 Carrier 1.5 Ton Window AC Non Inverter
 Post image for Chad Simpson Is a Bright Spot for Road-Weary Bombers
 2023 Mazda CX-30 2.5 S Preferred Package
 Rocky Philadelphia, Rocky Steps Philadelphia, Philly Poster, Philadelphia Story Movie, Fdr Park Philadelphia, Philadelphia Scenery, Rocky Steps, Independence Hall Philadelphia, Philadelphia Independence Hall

> **Task brief**: Output the lines above verbatim and in full.

> **Answer to the problem**:
 Carrier 1.5 Ton Window AC Non Inverter
 Post image for Chad Simpson Is a Bright Spot for Road-Weary Bombers
 2023 Mazda CX-30 2.5 S Preferred Package
 Rocky Philadelphia, Rocky Steps Philadelphia, Philly Poster, Philadelphia Story Movie, Fdr Park Philadelphia, Philadelphia Scenery, Rocky Steps, Independence Hall Philadelphia, Philadelphia Independence Hall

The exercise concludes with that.